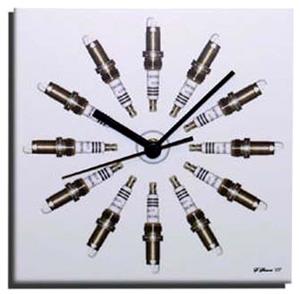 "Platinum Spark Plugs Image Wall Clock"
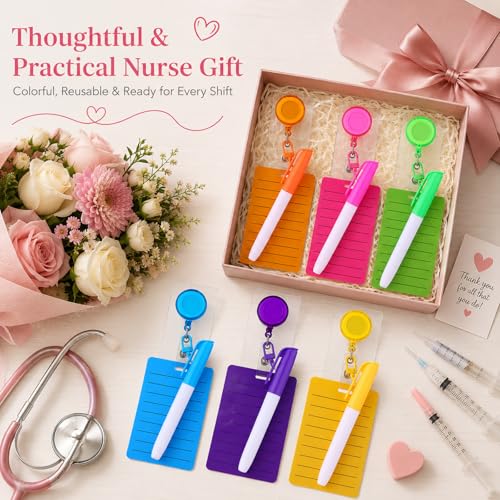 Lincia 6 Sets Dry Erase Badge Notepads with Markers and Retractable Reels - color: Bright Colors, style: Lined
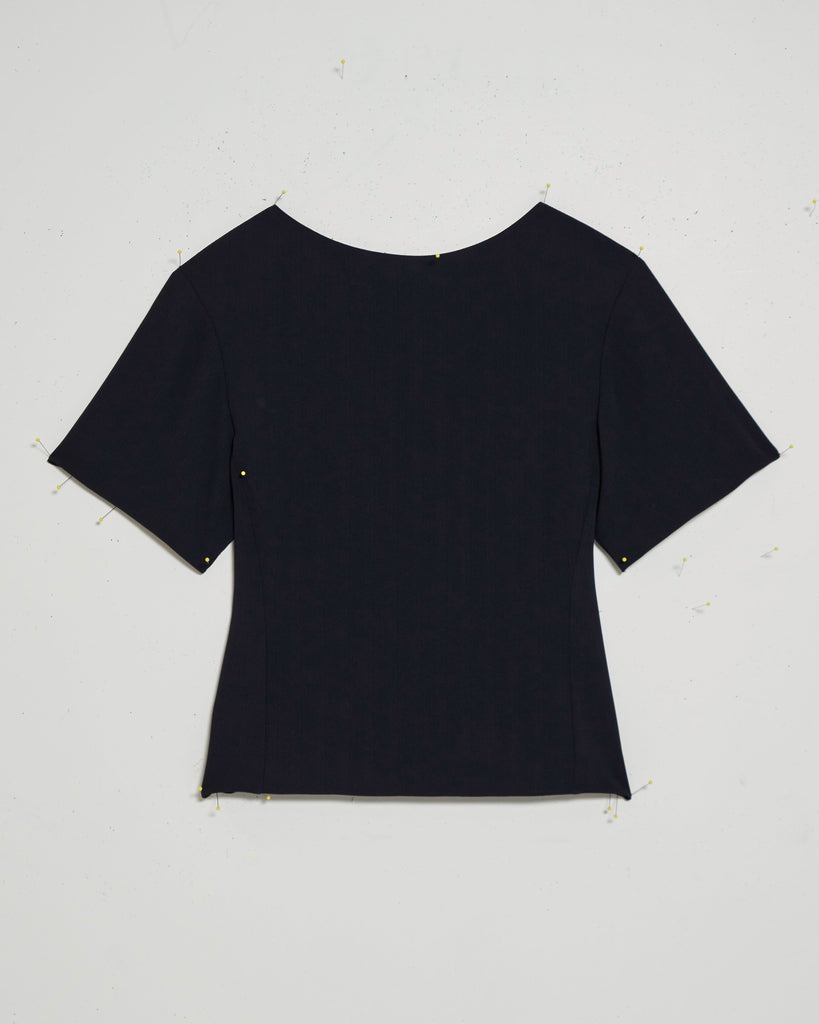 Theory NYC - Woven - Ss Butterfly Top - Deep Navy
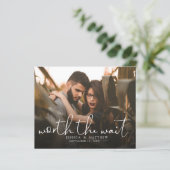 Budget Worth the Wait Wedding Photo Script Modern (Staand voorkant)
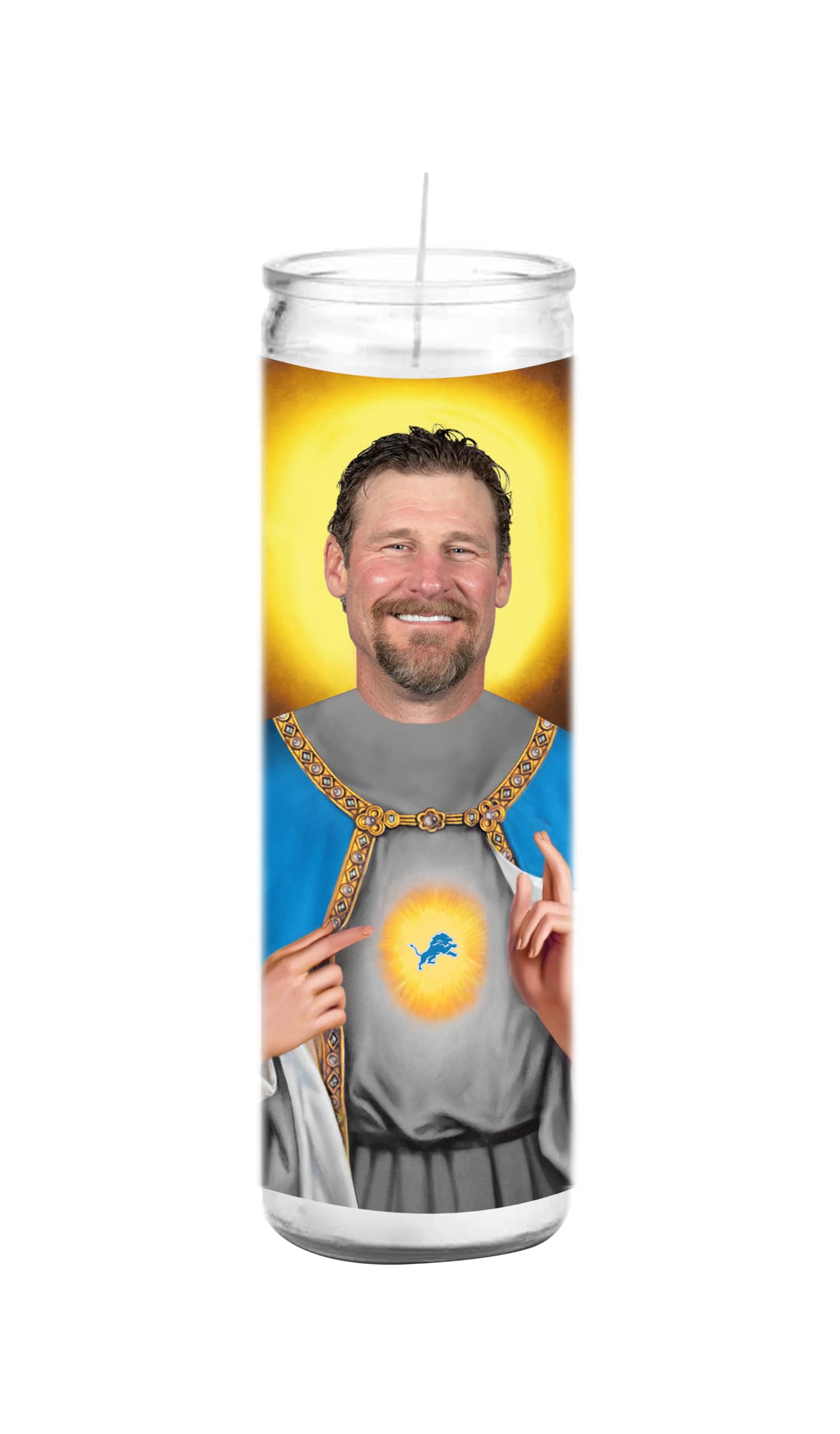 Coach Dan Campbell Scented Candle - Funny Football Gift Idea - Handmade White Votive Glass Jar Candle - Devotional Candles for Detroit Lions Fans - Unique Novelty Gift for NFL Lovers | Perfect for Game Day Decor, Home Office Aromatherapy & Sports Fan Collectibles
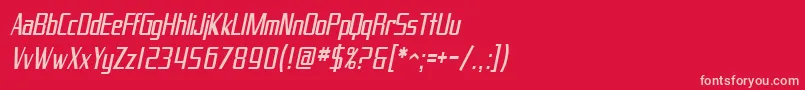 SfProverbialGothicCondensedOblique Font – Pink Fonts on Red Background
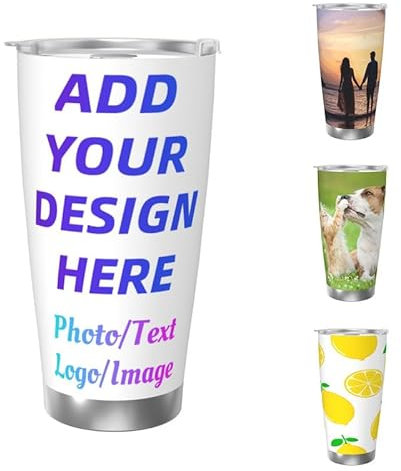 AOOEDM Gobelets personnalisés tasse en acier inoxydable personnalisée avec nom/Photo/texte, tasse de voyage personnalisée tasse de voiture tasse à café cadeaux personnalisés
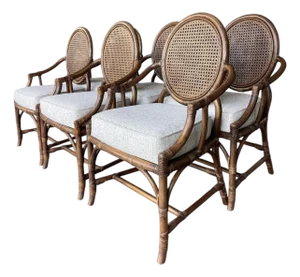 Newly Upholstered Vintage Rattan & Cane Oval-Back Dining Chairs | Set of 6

* * *

■ Prompt: The response must restate exactly the lines from the one containing "AOOEDM Gobelets personnalisés" through the end of the records above and must leave out all pictures.

■ Answer area:
 AOOEDM Gobelets personnalisés tasse en acier inoxydable personnalisée avec nom/Photo/texte, tasse de voyage personnalisée tasse de voiture tasse à café cadeaux personnalisés
 Newly Upholstered Vintage Rattan & Cane Oval-Back Dining Chairs | Set of 6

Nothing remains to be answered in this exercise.